So a little bit about me. I am a South African, a 'euro-African' (as I define myself), male. I have been married for 45 years to Heather, and we have three incredible children - Caryn Thandi, Andy Malusi, and Juliette Catherine-Anne Nosipho (therein lies a long story). Of the three, Andy is married, and his wife, Megan, is a rich addition to our family.
I have a PhD in theology, which I obtained from the University of Chicago back in 1995. Prior to that I had trained as a minister in the United Congregational Church of Southern Africa, and had spent 7 years in ministry during the turbulent 1980s in Cape Town. Five of those years were spent living and working on the Cape Flats, ministering to a congregation in Manenberg, one of the poorest and most troubled of the Cape Town communities. That time was the time of the struggle against Apartheid, and we were actively involved in the formation and growth of the United Democratic Front (UDF), that took the struggle to the streets.
I was arrested 6 times during this period, and spent two different spells in Detention, one for a period of 7 weeks, 10 days of which were spent on a hunger strike.
We left for Chicago in 1989, and spent a wonderful 6 years there, funded on Fulbright Scholarships.
On returning to South Africa in 1995, I was a Senior Lecturer in Theology and Ethics at the University of the Western Cape, and thought that my life was now settled as an academic. I co-authored a book with my colleague, Russel Botman, on the Truth and Reconciliation Commission, and was busy with the revision of my Doctoral thesis for publication with the University of Chicago Press when my world was turned upside down again.

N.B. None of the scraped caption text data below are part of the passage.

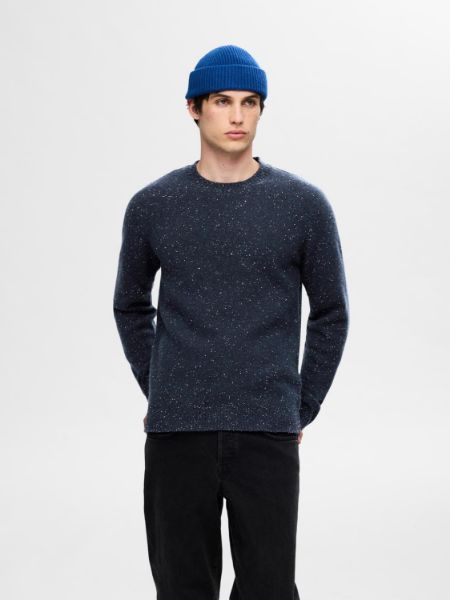 Bilde av SlhNeil LS KNit Nept Crew Neck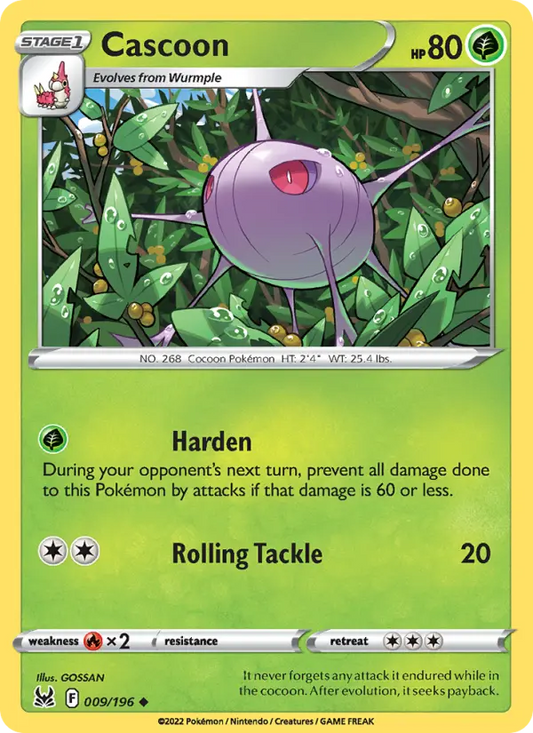 Cascoon 9 Lost Origin Pokesingles
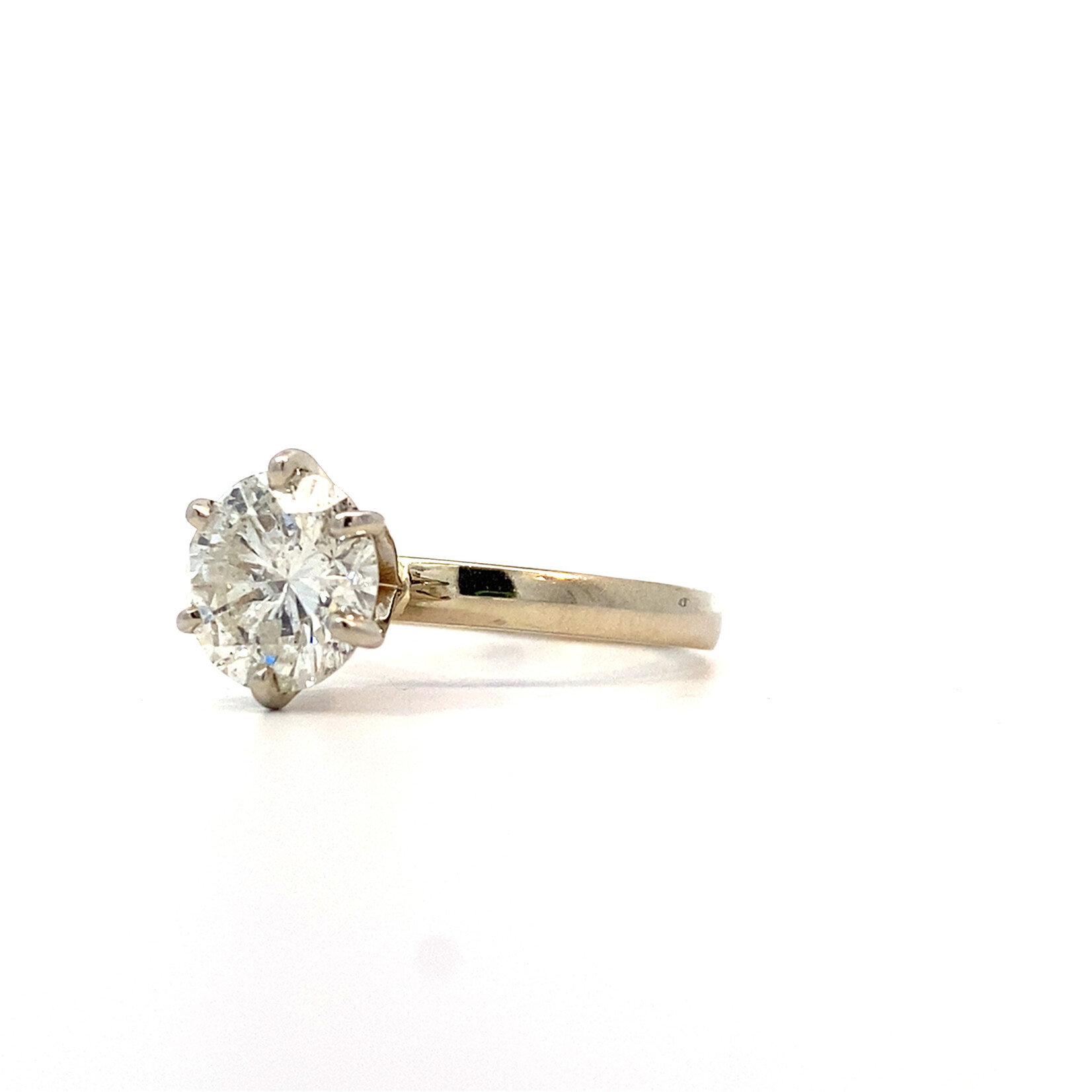 14K/18K White Gold Diamond Solitaire Ring 3ct size 9.5 I1 H/I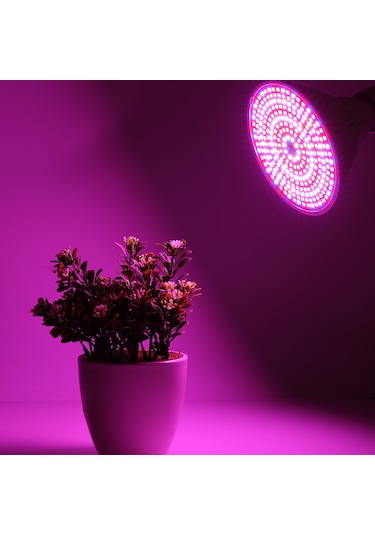 Mufunye Çift Başlı Klips Tam Spektrum 290 Boncuk Led Bitki Işığı 30w Bitki Büyüme Işığı Çiçek Sulu Meyve Renk Dolgu Işığı 290 Boncuk Tek Lamba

The Faculty was closed by the University, and I lost my job.
Fortunately, I had started doing part-time strategy consulting the year before this, and was busy doing an organisational restructuring exercise with the South African Football Association at the time. Danny Jordaan, the then SAFA CEO, had just been seconded to head up the 2006 World Cup Bid Company for SAFA, and had asked me to join him as the COO.
So I began a journey in football, that has taken me from the Bidco, to becoming CEO of the Premier Soccer League, to other entrepreneurial work in football and business, and then to becoming the CEO of SAFA in 2011. I was then seconded from this role at my request to set up and run the SAFA Development Agency, which I did for the next 6 years.
Currently I have a number of projects I am working on, which I will blog about in the future.